Today I begin to transcend my circumstances.

8 Responses

  1. Wow, what a powerful message. You should absolutely hold onto your own freedom and let that grip he may have over you, in some way, go. You are so self-aware, I really find so much respect in that. Some people so easily live with rose-colored glasses and denial. you absolutely do not. Love that about you!

    • Thanks for the support, Jolene…it means a lot to me. 🙂 I’m working hard to improve this because I know that it’s negatively affecting my current relationship, and that’s something that I really don’t want….

  2. Yes. Absolutely.

    I’m reading about enabling… and how much I do it is totally stopping me in my tracks. It’s an insecurity. A control issue. But I can’t be an enabler unless there is a dependent in the relationship as well.

    It sounds like you and your ex had this type of relationship.

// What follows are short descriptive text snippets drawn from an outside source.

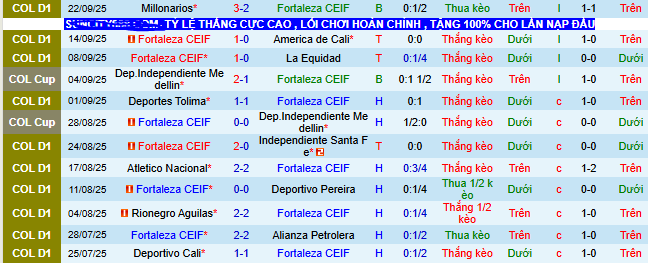 Nhận định, soi kèo Fortaleza vs Bucaramanga - Ảnh 1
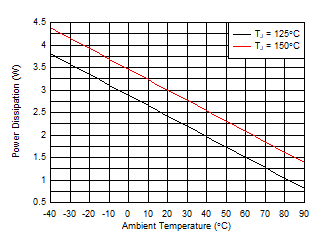 THS6222 Package Power Dissipation vs Ambient Temperature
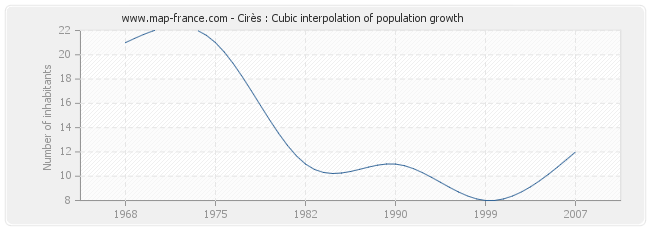 Cirès : Cubic interpolation of population growth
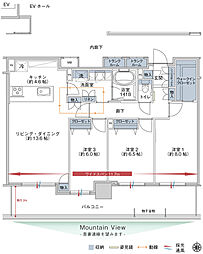 福島駅 4,780万円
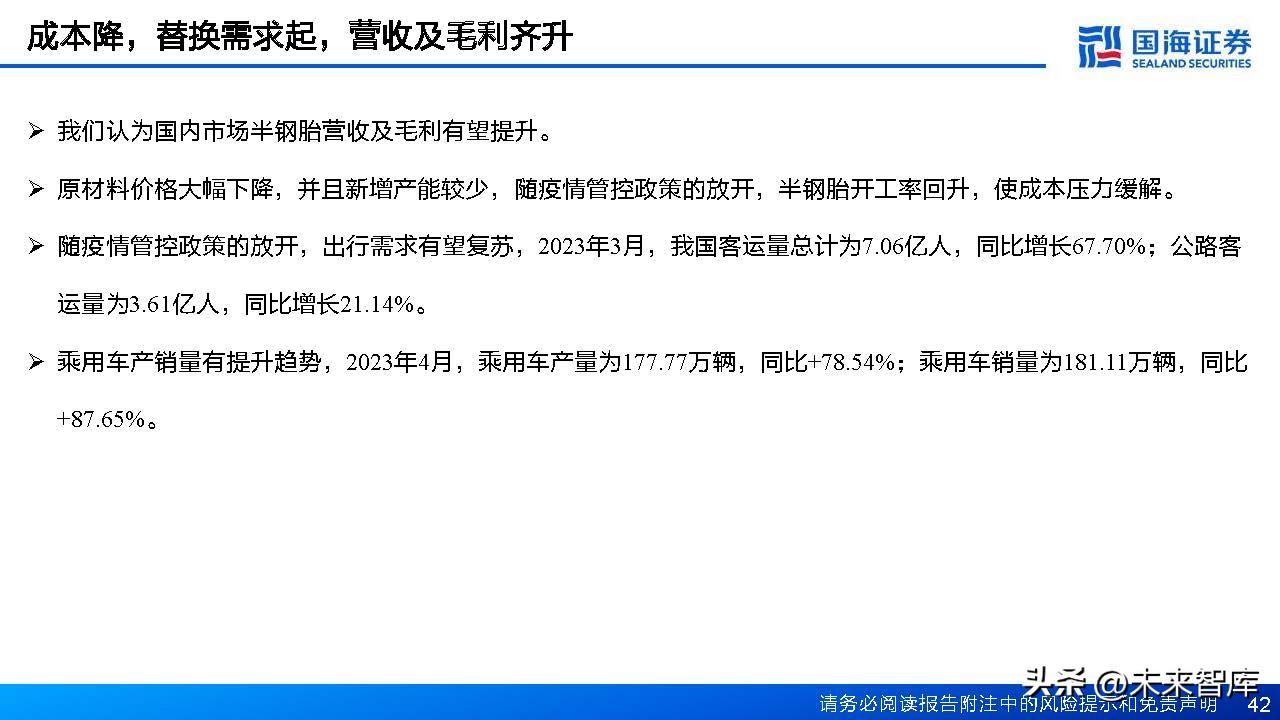 中国轮胎行业格局,轮胎行业或迎景气拐点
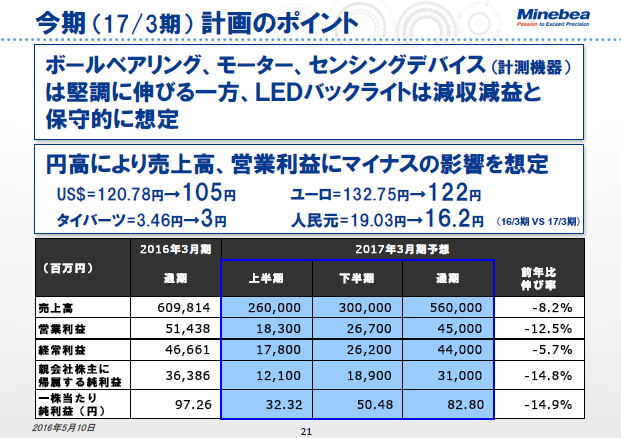 今期（17/3期）計画のポイント
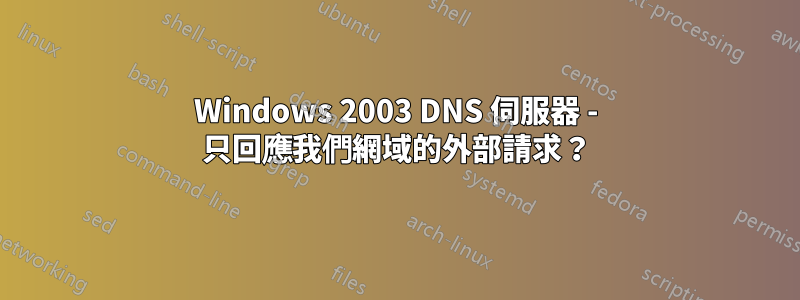 Windows 2003 DNS 伺服器 - 只回應我們網域的外部請求？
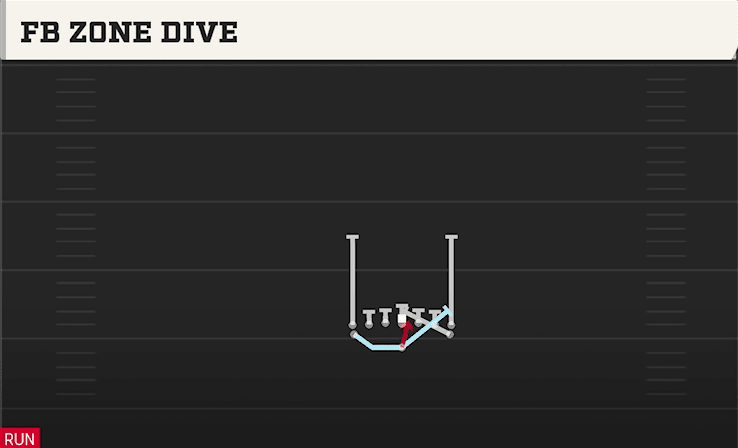 FB ZONE DIVE from TIGHT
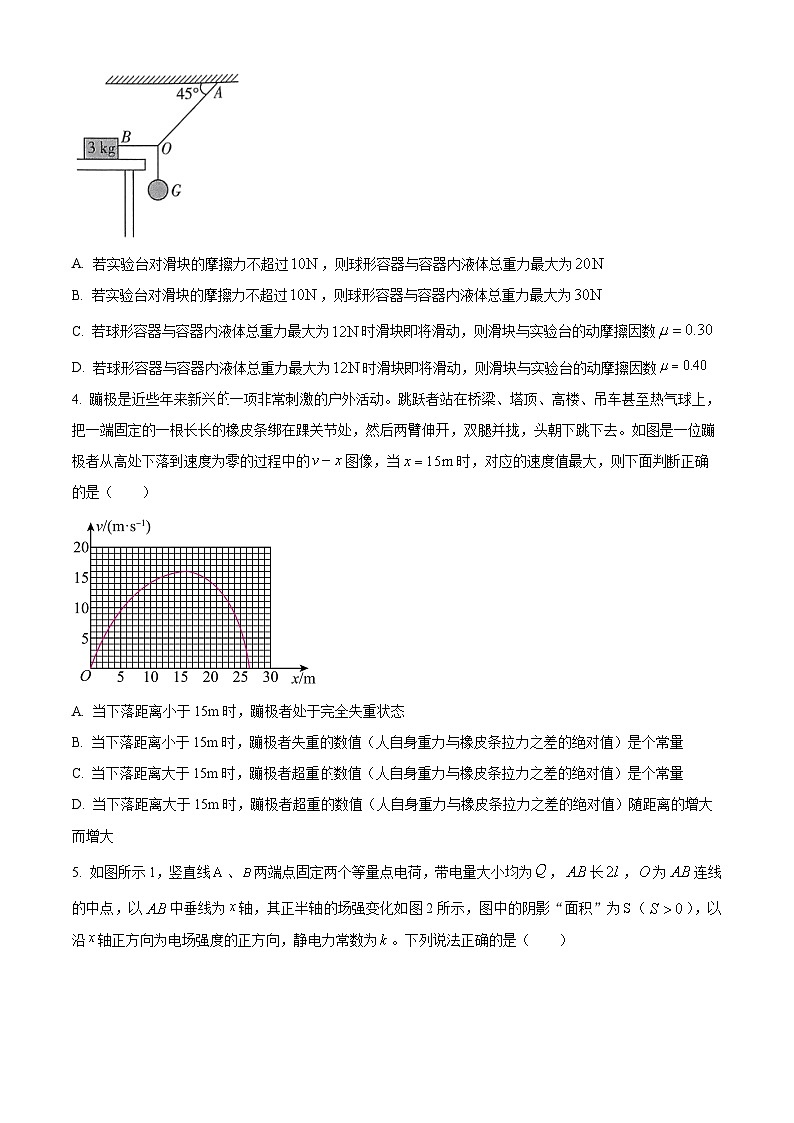 陕西省西安市第一中学2023-2024学年高三下学期4月二模物理试题（原卷版+解析版）02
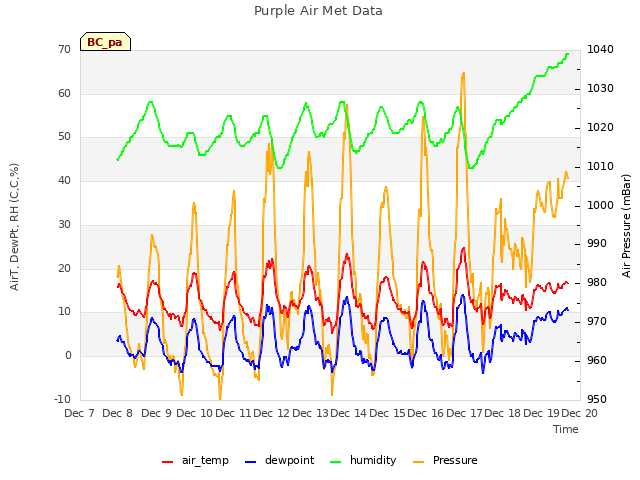 plot of Purple Air Met Data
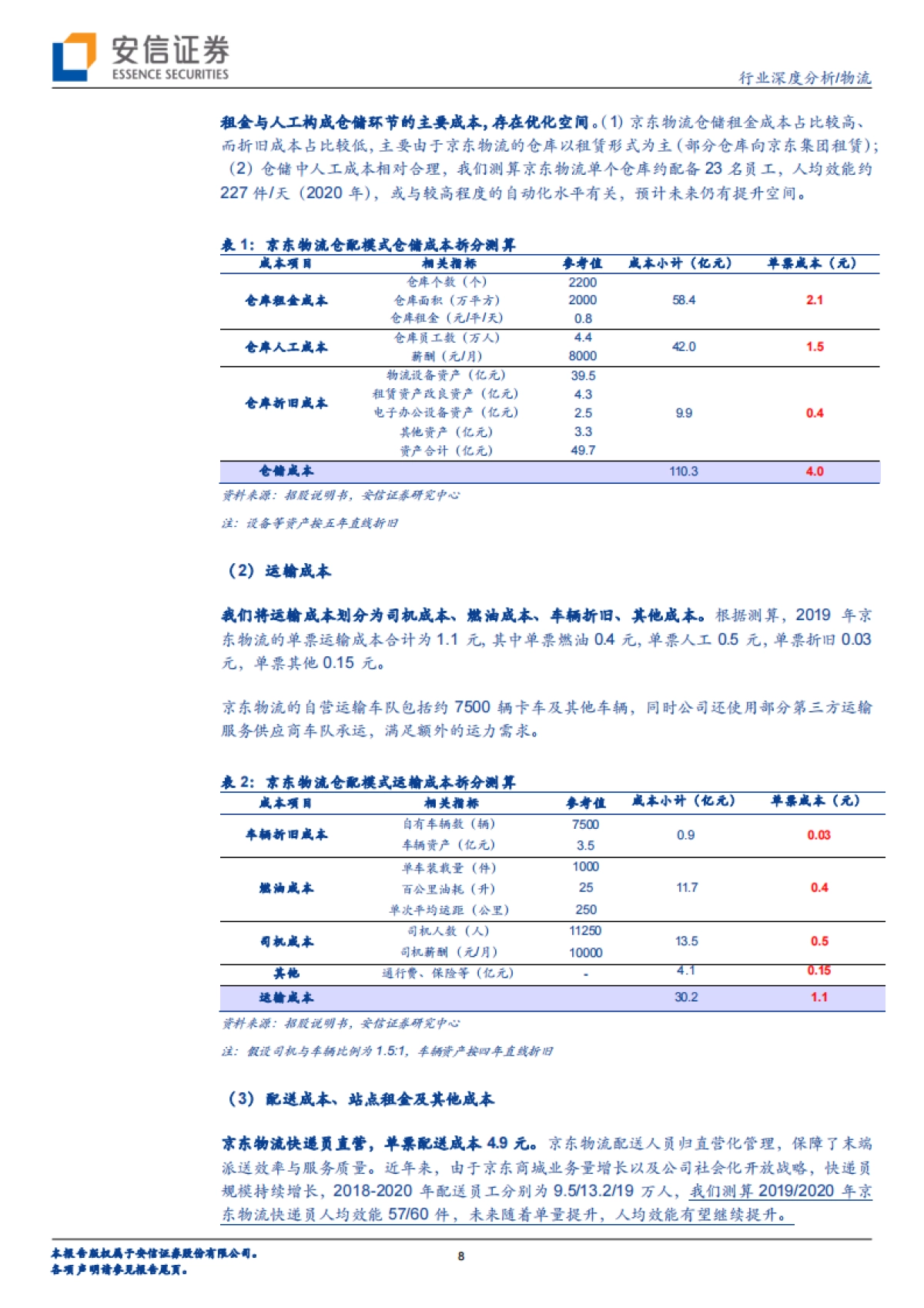 供应链视角看商流系列之一：京东物流VS社区团购VS通达系，谁的成本更低？-安信证券_第8页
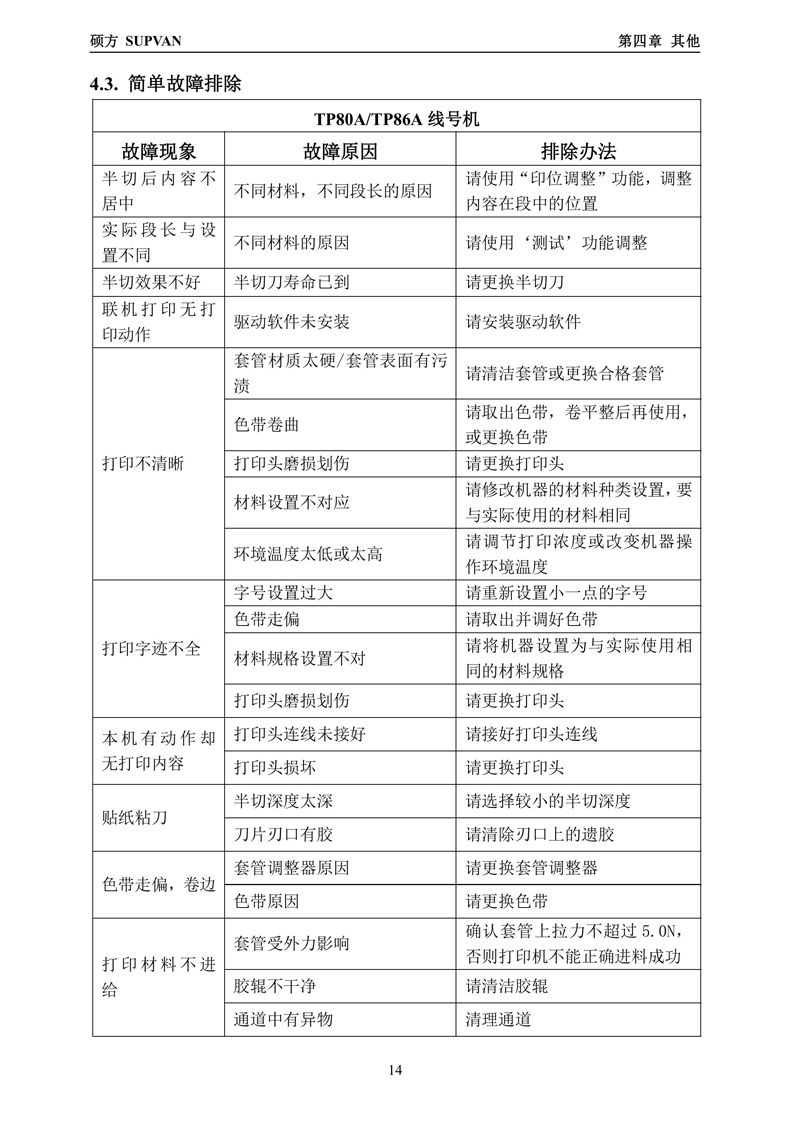 硕方线号机TP80A/TP86A用户手册——在线查看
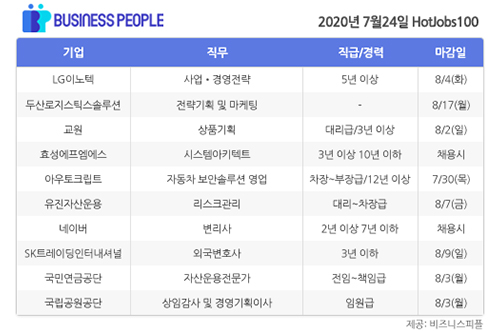 [HotJobs 100] 비즈니스피플이 엄선한 오늘의 채용-7월24일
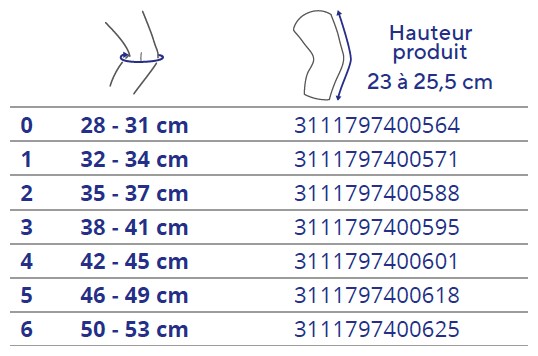 Tableau des tailles et schémas de mesure (catalogue Thuasne)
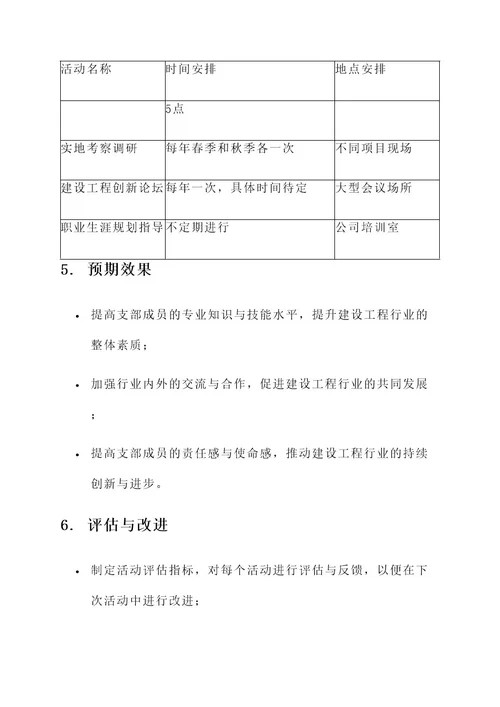 建设工程支部共建活动方案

It sounds like you’re on the right track.

    Good luck!

    • The frustrating part for me is that I identified our relationship as co-dependent several years ago. He flat out denied it, and has only come to terms with it since our split…but fails to recognize that we still have some of those same elements in play now, even though we’re no longer together.

      But alas, I cannot control him, right? 😉

  3. I think it is easier than we think to avoid changing the things that are in our control – not because we don’t want to – but because we don’t necessarily even see that we have that power to enact that change. So the fact that you’re seeing ways to hang on to your freedom, to change the things in your power, is really insightful. Not many have that inward-facing insight…similar to what my sis says about being self-aware.

    • For the longest time I always saw myself as a “victim” – of circumstances, of other people, of life even. But I’ve come to see that I am where I am in my life in part because of others, but mostly due to my own choices. And if I can choose to get myself here, then I can choose to go in a different direction as well.

      Thanks for your support -it means a lot. 🙂

  4. very nice post.
    Keep going!

  5. Sometimes those kinds of things surprise me too, I find myself caught off guard at times when things pop up and make me realize I still have issues to work out. I’m glad you’re working through it though, good luck with it.